* [What needs to be done]: Below are records with pictures. Reproduce exactly the lines from the line with "З Дніпровської набережної" to the line with "ClementiWoods Condominium, West", inclusive, and leave each picture out.

* [Raw data]:
Content starts
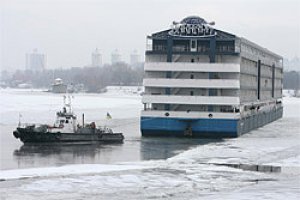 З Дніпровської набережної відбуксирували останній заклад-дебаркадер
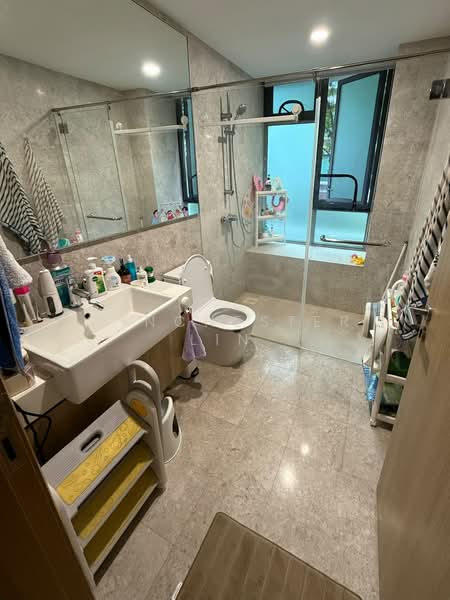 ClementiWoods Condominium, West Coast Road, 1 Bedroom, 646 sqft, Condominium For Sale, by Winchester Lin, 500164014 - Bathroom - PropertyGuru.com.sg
Content ends
Content starts
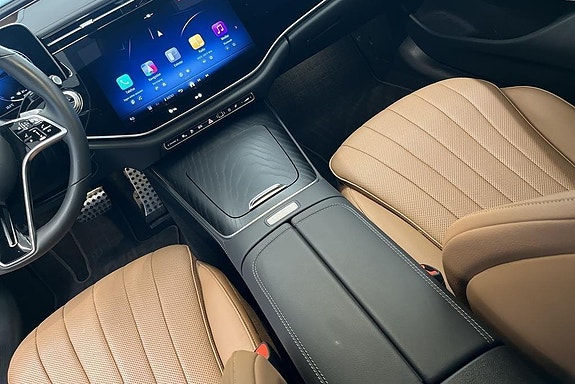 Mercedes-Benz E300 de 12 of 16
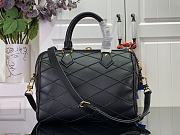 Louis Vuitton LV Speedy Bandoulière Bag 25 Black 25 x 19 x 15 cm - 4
Content ends
* [Solution]:
 З Дніпровської набережної відбуксирували останній заклад-дебаркадер
 ClementiWoods Condominium, West Coast Road, 1 Bedroom, 646 sqft, Condominium For Sale, by Winchester Lin, 500164014 - Bathroom - PropertyGuru.com.sg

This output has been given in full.